▸ **EXERCISE**: Repeat the data below exactly, dropping any pictures it holds.

(Beginning of RECORDED DATA)

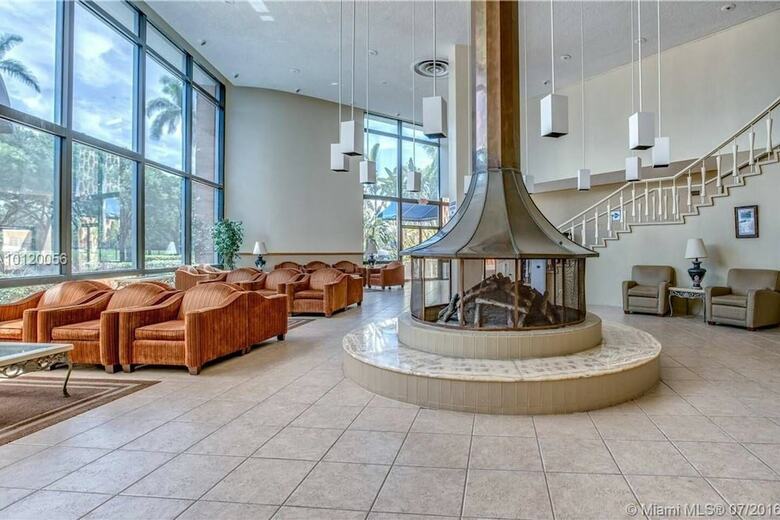 Gorgeous 1br Apartment, A Walk From The Beach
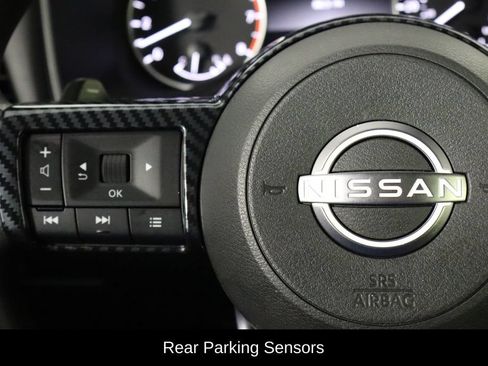 Used 2023 Nissan Rogue SV FWD image 8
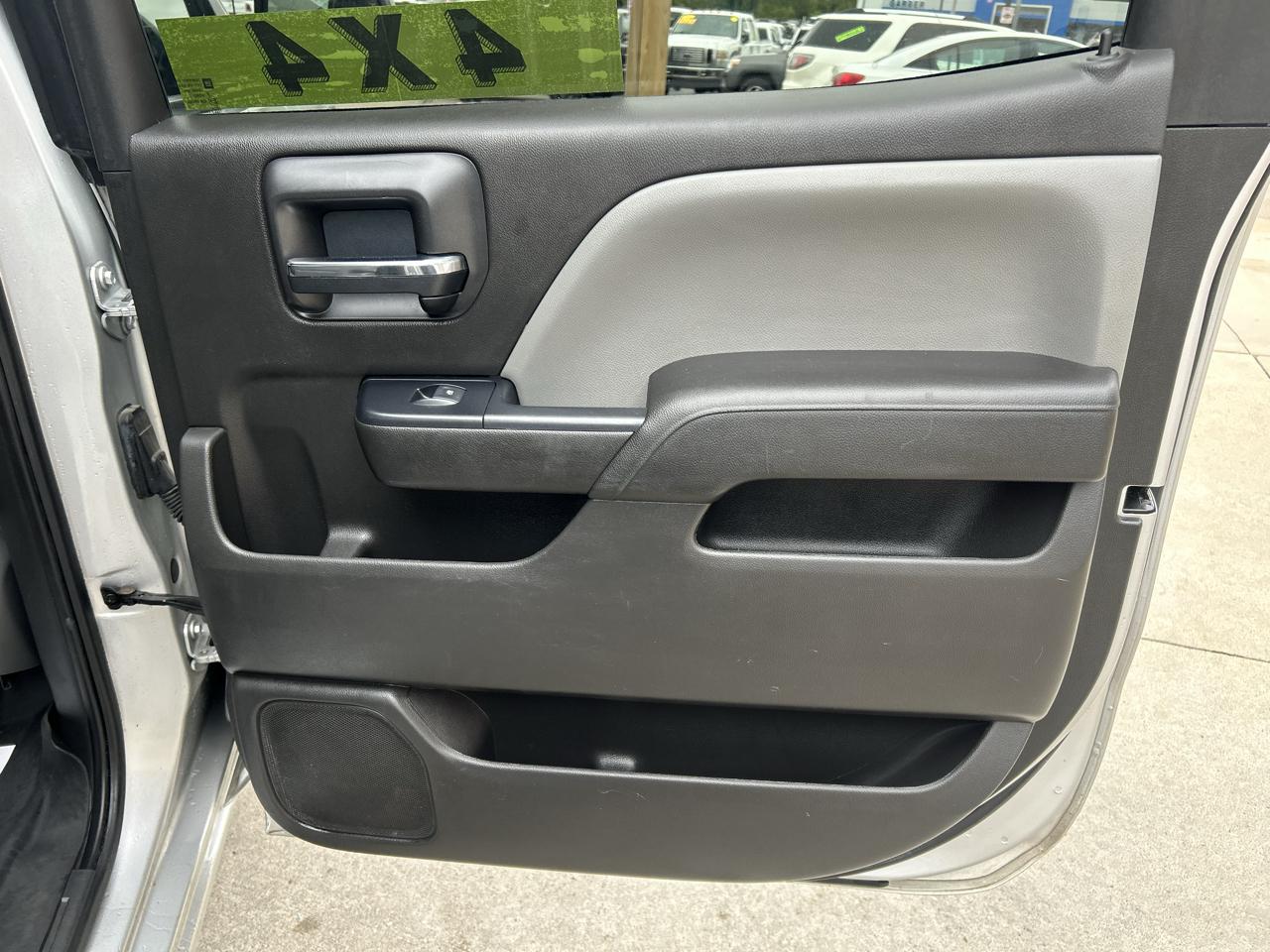 Chevrolet Silverado 1500 4WD Crew Cab 143.5" Custom 2018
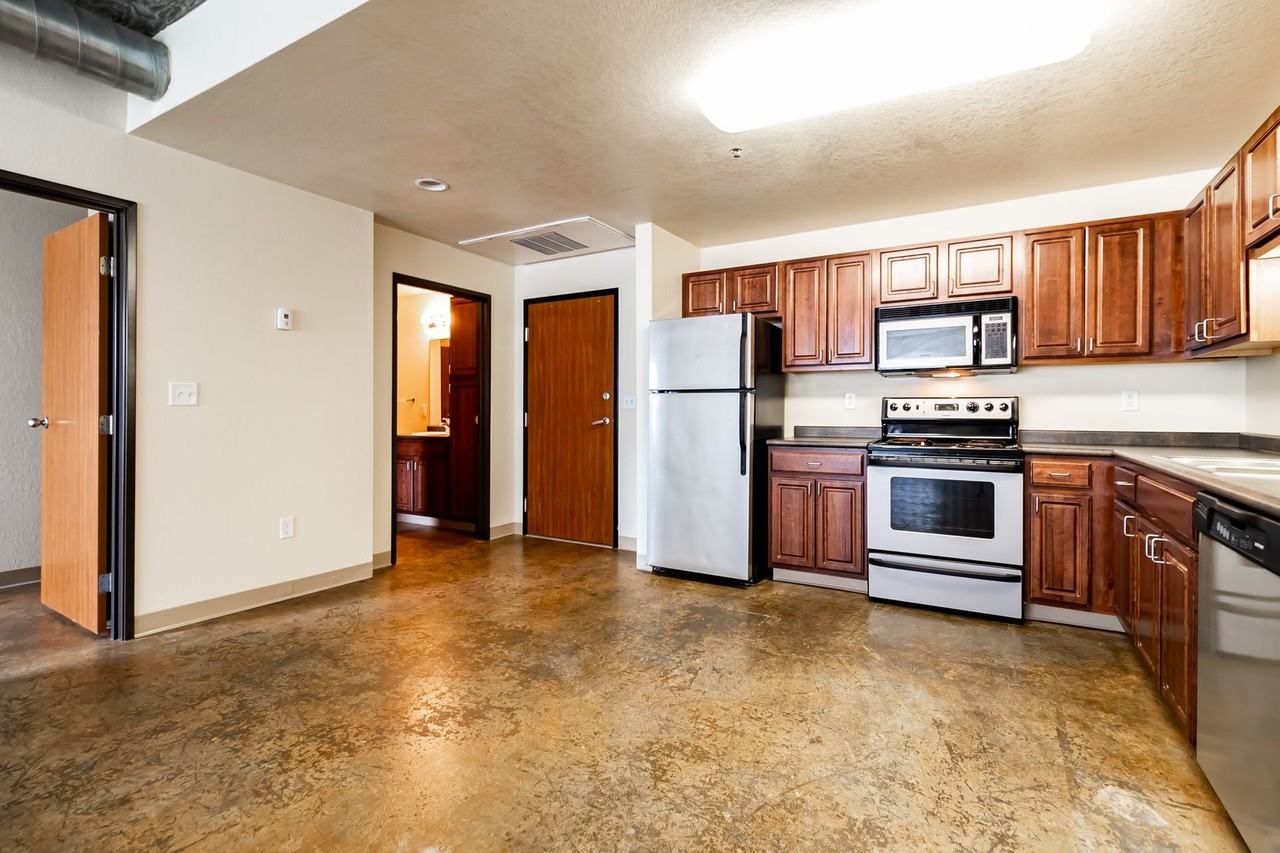 1919 Flats - Photo 4 of 50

(End of RECORDED DATA)

▸ **ANSWER SPACE**:
 Gorgeous 1br Apartment, A Walk From The Beach
 Used 2023 Nissan Rogue SV FWD image 8
 Chevrolet Silverado 1500 4WD Crew Cab 143.5" Custom 2018
 1919 Flats - Photo 4 of 50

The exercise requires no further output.